**What you will do**: Would you print only the lines running from the one with "Austria Trend Schloss Wilhelminenberg" to the final line of the data below, word for word and without pictures?

___ Exercise input ___

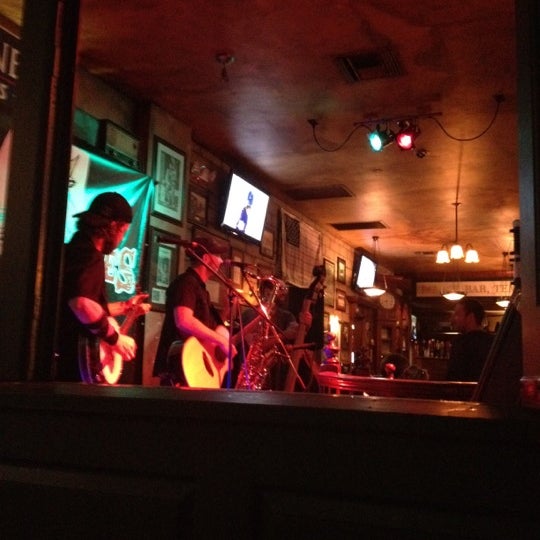 Photo prise au Rooney&#39;s Public House- the Gastropub par Carly Hana P. le4/15/2012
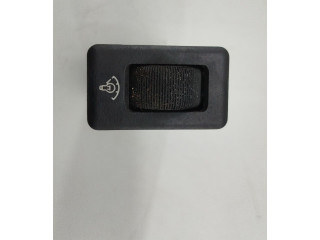 Přístrojová deska Nissan Sunny 1992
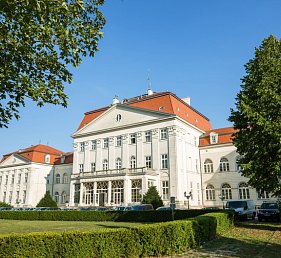 Austria Trend Schloss Wilhelminenberg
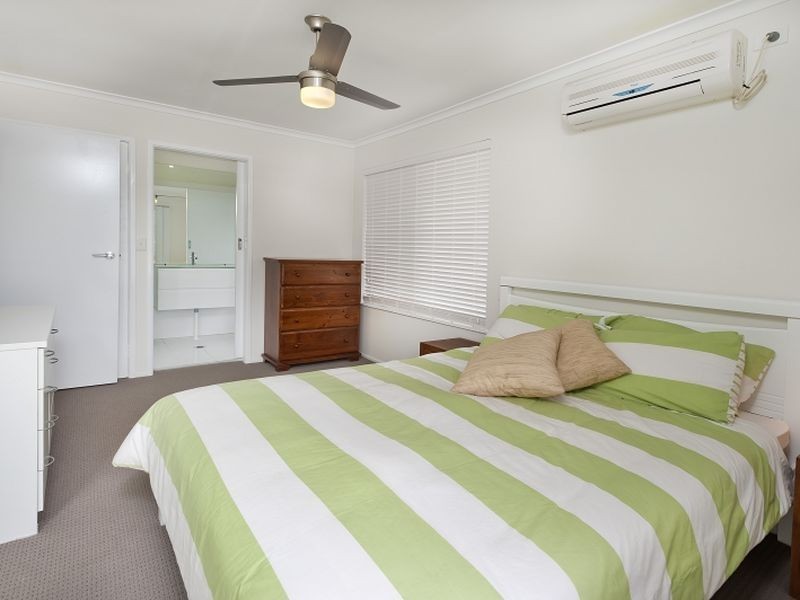 24 Rio Vista Boulevard, Broadbeach Waters QLD 4218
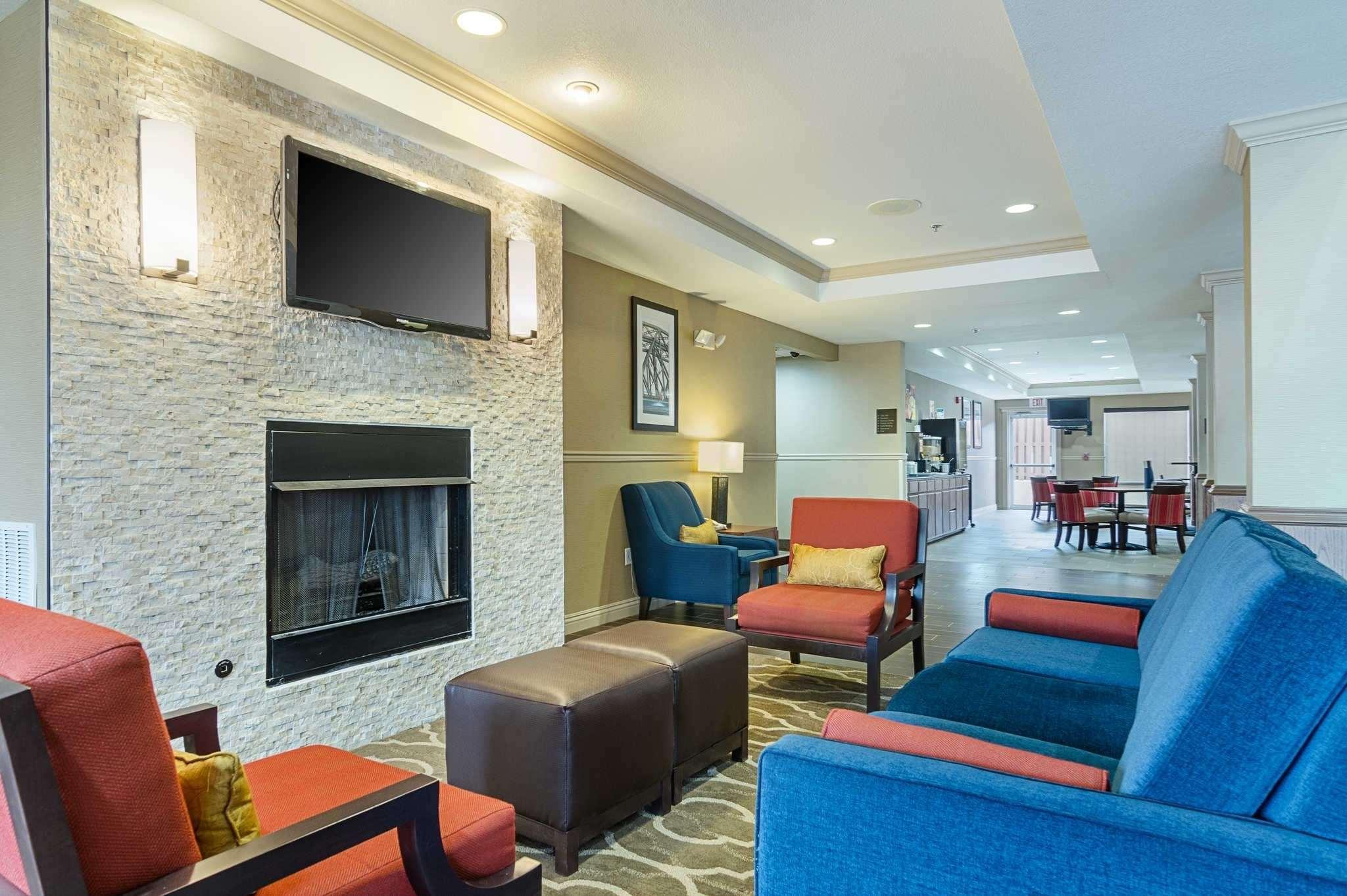 Quality Suites Springdale West I-49 Exterior photo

___

**Solution for this task**:
 Austria Trend Schloss Wilhelminenberg
 24 Rio Vista Boulevard, Broadbeach Waters QLD 4218
 Quality Suites Springdale West I-49 Exterior photo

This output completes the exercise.